Joanna Moorhead later reported: "From the time of their parents' arrests, and even after the execution, they (the Rosenberg's two sons) were passed from one home to another - first one grandmother looked after them, then another, then friends. For a brief spell they were even sent to a shelter. It seems hard for us to understand, but the paranoia of the McCarthy era was such that many people - even family members - were terrified of being connected with the Rosenberg children, and many people who might have cared for them were too afraid to do so." Abe Meeropol and his wife eventually agreed to adopt Michael Rosenberg and Robert Rosenberg.
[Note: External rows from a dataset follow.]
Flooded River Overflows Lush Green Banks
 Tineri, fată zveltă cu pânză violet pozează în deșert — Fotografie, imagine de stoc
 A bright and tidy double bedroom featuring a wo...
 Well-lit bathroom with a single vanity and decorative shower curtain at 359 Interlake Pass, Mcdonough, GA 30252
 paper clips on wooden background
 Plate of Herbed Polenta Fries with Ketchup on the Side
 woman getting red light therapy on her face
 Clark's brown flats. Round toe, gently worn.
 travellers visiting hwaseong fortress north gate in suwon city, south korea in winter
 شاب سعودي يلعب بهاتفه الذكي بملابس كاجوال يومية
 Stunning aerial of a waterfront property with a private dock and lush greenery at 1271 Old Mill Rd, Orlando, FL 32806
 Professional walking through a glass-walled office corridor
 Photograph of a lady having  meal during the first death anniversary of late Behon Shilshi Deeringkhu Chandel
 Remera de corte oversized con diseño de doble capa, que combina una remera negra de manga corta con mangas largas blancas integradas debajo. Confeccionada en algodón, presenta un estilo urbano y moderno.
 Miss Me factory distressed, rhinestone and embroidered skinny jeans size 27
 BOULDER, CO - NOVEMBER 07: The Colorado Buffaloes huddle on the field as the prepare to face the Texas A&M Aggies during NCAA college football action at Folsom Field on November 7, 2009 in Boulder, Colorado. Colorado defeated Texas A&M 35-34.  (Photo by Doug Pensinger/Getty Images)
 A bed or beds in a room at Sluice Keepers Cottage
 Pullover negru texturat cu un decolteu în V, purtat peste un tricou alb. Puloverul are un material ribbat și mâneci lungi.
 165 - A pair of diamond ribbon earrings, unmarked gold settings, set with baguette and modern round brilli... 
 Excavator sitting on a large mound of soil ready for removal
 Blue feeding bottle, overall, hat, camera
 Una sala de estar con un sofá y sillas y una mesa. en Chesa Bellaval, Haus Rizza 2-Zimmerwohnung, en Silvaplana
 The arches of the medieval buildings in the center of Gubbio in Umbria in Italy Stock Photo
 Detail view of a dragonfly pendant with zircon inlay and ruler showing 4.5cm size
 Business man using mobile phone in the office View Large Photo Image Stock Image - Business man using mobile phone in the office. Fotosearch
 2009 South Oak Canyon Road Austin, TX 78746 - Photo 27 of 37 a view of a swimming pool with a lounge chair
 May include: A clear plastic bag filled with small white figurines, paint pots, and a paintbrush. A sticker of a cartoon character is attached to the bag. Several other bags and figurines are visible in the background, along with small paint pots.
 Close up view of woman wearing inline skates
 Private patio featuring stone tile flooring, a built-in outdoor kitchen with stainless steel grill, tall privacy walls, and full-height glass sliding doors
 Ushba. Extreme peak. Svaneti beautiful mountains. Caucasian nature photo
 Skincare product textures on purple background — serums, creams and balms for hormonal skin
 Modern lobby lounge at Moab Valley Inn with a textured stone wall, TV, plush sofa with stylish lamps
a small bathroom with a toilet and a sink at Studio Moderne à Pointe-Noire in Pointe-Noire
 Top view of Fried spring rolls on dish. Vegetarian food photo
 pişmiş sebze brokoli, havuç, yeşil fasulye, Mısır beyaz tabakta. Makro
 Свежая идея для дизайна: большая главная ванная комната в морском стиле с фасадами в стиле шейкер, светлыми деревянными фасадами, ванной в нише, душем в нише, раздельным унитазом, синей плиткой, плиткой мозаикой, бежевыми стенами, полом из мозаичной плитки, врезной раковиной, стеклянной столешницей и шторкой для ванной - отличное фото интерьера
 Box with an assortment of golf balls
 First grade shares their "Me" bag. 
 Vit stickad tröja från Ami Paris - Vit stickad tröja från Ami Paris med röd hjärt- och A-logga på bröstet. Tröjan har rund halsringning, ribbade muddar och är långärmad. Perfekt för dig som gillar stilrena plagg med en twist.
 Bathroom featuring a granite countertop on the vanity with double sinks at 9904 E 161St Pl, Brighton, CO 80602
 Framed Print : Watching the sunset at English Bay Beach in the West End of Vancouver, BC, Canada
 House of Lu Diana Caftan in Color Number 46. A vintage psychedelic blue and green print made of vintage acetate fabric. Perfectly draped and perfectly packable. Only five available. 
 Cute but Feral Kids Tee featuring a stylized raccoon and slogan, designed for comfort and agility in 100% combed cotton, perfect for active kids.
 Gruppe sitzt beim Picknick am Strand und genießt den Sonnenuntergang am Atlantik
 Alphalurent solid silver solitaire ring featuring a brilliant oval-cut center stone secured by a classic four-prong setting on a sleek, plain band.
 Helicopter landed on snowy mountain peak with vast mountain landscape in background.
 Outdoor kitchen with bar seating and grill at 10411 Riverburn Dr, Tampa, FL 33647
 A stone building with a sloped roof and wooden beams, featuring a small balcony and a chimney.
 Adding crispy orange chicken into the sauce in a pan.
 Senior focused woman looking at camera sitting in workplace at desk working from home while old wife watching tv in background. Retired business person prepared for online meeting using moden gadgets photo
According to Robert: "Abel didn't get any work as a writer throughout most of the 1950s... I can't say he was blacklisted, but it definitely looks as though he was at least greylisted." In December 2001, Sam Roberts, a New York Times reporter, traced David Greenglass, who was living under an assumed name with his wife, Ruth Greenglass. Interviewed on television under a heavy disguise, he acknowledged that his and his wife's court statements had been untrue. "Julius asked me to write up some stuff, which I did, and then he had it typed. I don't know who typed it, frankly. And to this day I can't even remember that the typing took place. But somebody typed it. Now I'm not sure who it was and I don't even think it was done while we were there."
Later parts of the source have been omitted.